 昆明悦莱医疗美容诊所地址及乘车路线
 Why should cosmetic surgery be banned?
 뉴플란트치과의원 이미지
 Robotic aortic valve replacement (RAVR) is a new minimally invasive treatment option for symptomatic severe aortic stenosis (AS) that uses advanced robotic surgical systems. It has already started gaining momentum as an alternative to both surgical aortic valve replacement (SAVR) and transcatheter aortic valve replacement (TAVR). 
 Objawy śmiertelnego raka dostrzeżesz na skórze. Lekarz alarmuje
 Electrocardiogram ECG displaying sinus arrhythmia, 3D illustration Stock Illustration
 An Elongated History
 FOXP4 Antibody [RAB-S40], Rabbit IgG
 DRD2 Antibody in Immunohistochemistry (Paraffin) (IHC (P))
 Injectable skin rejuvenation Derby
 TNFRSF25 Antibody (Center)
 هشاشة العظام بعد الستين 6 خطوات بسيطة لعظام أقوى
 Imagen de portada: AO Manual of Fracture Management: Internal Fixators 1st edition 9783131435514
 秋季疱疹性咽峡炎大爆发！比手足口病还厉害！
--
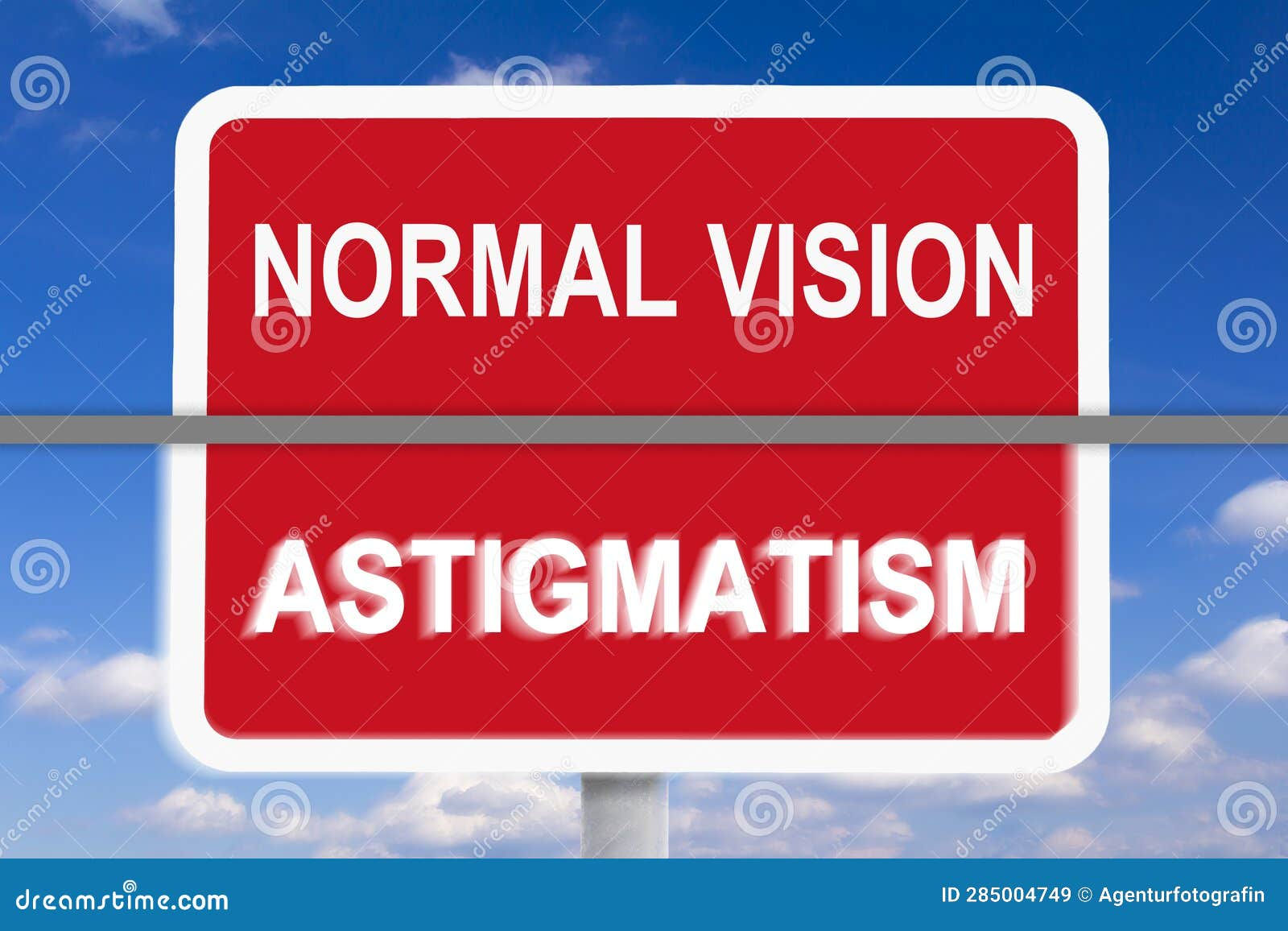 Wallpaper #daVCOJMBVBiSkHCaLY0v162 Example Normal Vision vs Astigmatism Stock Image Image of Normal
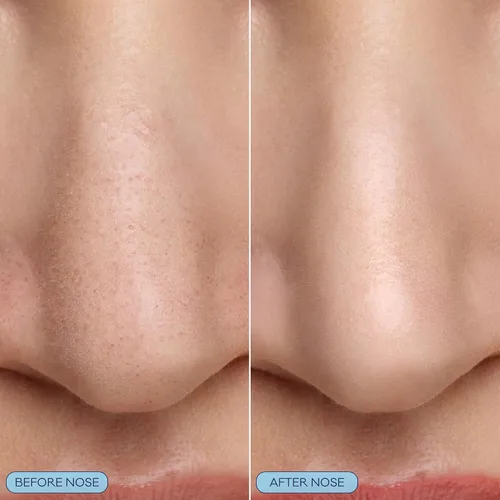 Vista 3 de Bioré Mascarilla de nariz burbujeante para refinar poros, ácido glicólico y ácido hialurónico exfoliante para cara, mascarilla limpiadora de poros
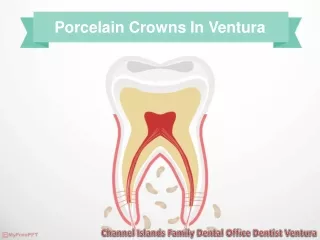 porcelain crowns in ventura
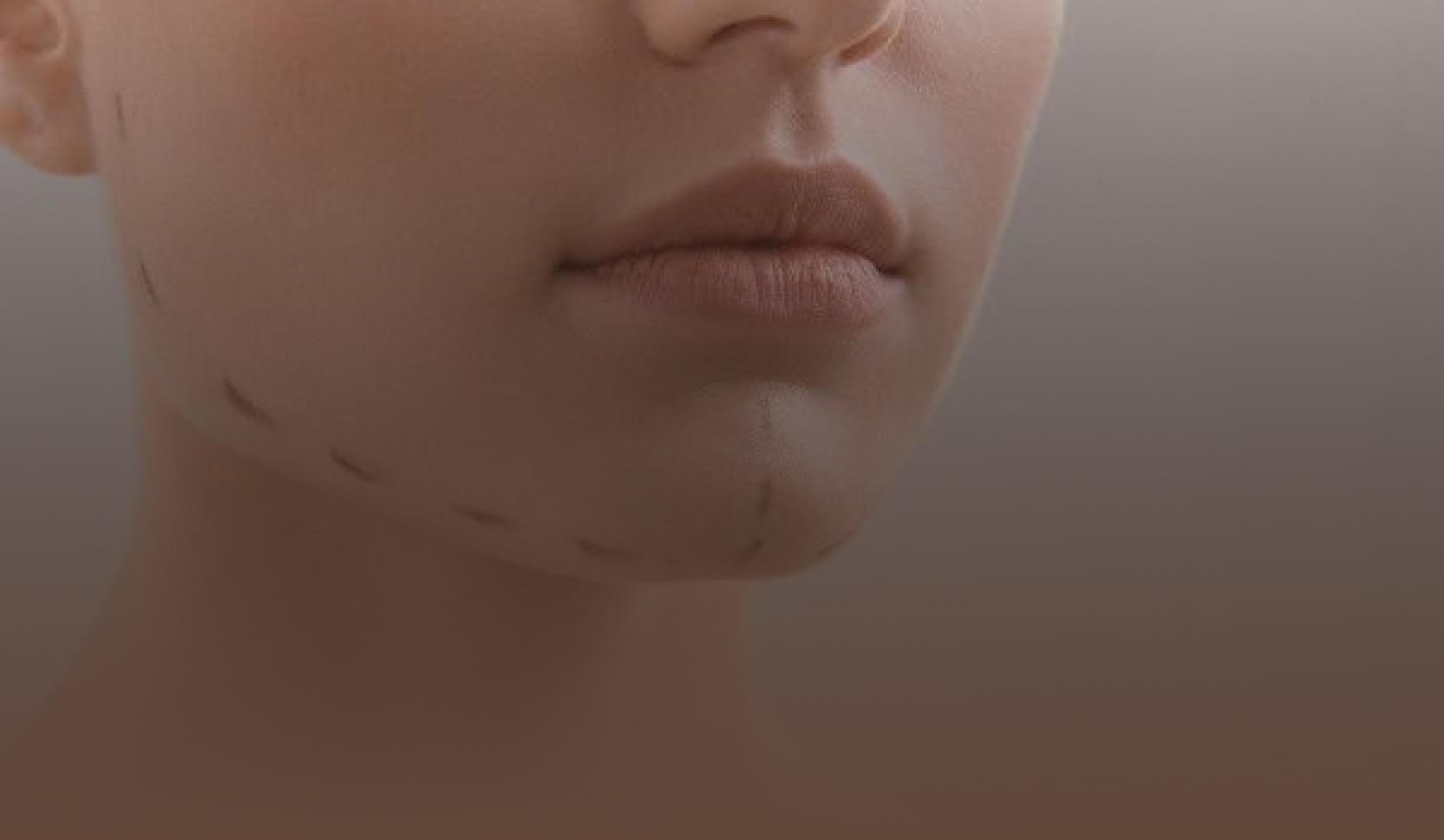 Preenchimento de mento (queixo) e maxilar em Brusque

## WHAT TO PRODUCE
Only a number is needed here: how many lines of the data include the word "Antibody"?

## RESULT
3